The Food and Agriculture Organization of the United Nations (Fao) recently revised information on trends in global Ghg emissions from agriculture, forestry and other land uses (Afolu), and was the first to release global Afolu emissions data for 2012. According to Fao, the share of Afolu emissions to the anthropogenic total has declined over the 1990-2012 period. While agriculture emissions continue to increase annually, they are not growing as fast as emissions from fossil fuel use in other sectors. Thus, the share of Afolu to total anthropogenic emissions is steadily decreasing over time. In addition, new data from the Forest Resources Assessment 2015 (Fra) was used to estimate trends in net CO2 emissions and removals from forest land, including from net forest conversion (used as a proxy for deforestation) and forest remaining forest. These findings confirm an overall reduction in emissions from land use due to decreased deforestation, accompanied by a significant increase in emissions from forest degradation, which for the first time have been assessed separately from emissions from forest regrowth.

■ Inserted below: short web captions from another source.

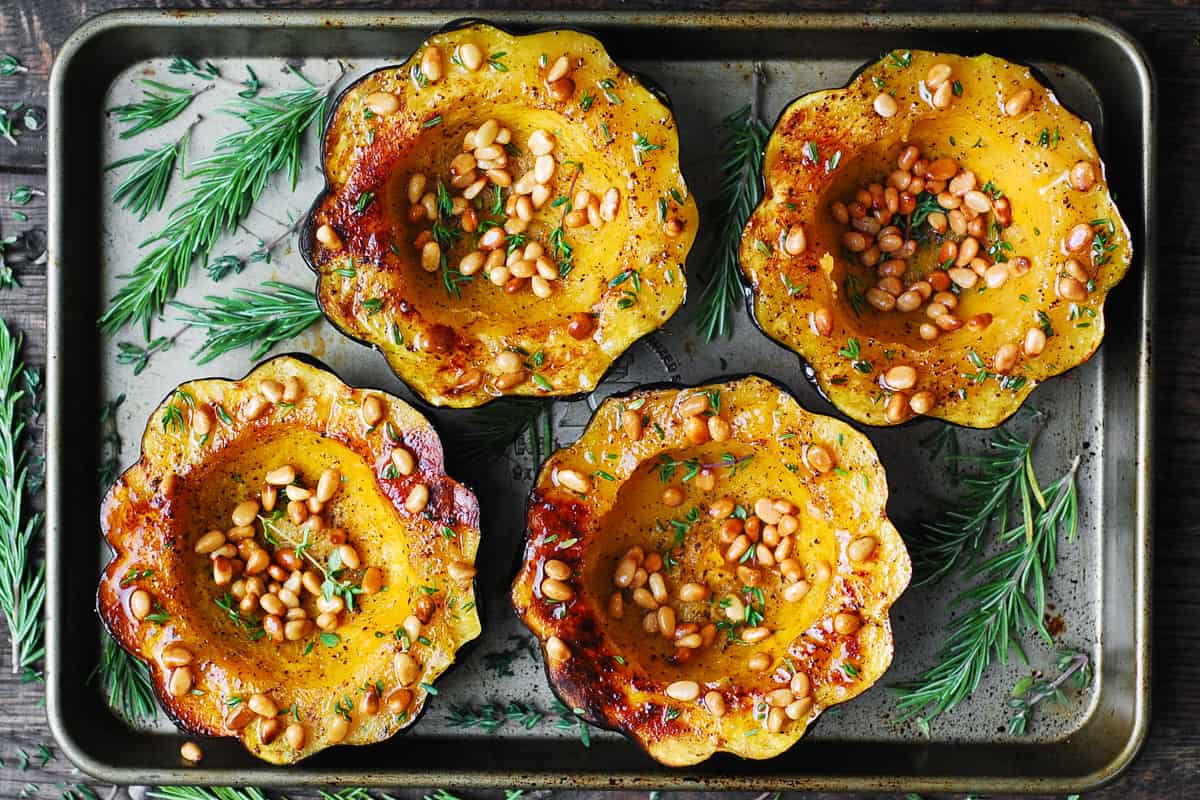 four roasted acorn squash halves with toasted pine nuts and fresh thyme on a baking sheet.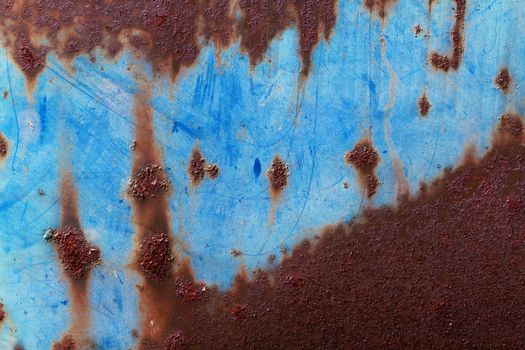 Grunge background of rusted blue metal.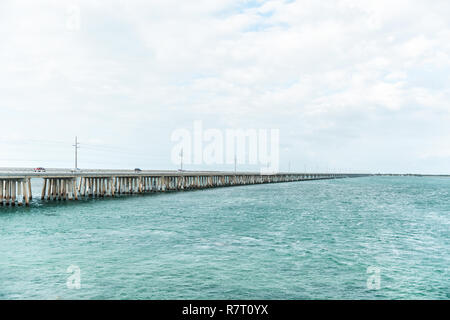 Seven Mile Bridge landscape of Florida Keys water atlantic ocean, cars on Overseas Highway on road Stock Photo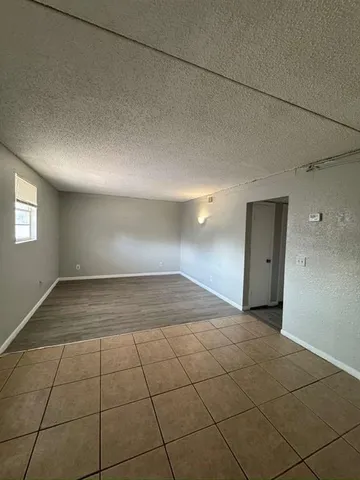 a view of a livingroom with a dishwasher and a window in a room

Recent Updates and Significant Findings: Global Ghg Emissions from Afolu

Fao provides emissions estimates for nearly 200 countries via the Faostat Emissions database, which covers all Afolu activities and their associated emissions, following Ipcc 2006 Guidelines at Tier 12 and land approach 13 for the reference period 1961-2012 (agriculture) and 1990-2012 (forestry and other land uses). These estimates are based on activity data collected by Fao via statistical surveys. For the first time, Fao provided this data to Working Group III of the Intergovernmental Panel on Climate Change (Ipcc) for use in the Fifth Assessment Report (AR5) on the State of Climate Change. Faostat also includes emissions estimates from biomass fires, peatland drainage and fires based on geo-spatial information, as well as forest carbon stock changes based on national-level Fao Forest Resources Assessment (Fra) data. The Edgar (Emissions Database for Global Atmospheric Research) database covers all Ipcc sectors (Energy, Transport, Industry, Buildings, and Afolu), applying 2006 Ipcc Guidelines for emission estimation (Edgar, 2015). Here, it was used to draw emissions from other sectors, and subsequently to estimate total anthropogenic emissions and perform cross-sectoral synthesis.
Trends in global Afolu emissions from 1990-2010 are as follows: Decadal average agriculture emissions grew from 4.6-5.1 Gt CO2 eq yr-1 in the 1990s, to 5.0-5.5 Gt CO2 eq yr-1 in the 2000s, reaching 5.2Gt CO2 eq yr-1 in 2010 (Figure 1). In contrast, decadal average forestry and other land use emissions declined, from a range of 5.7-6.8 Gt CO2 eq yr-1 in the 1990s, to a range of 4.9-6.5 Gt CO2 eq yr-1 in the 2000s, reaching 4.9 Gt CO2 eq yr-1 in 2010 (Tubiello et al., 2015).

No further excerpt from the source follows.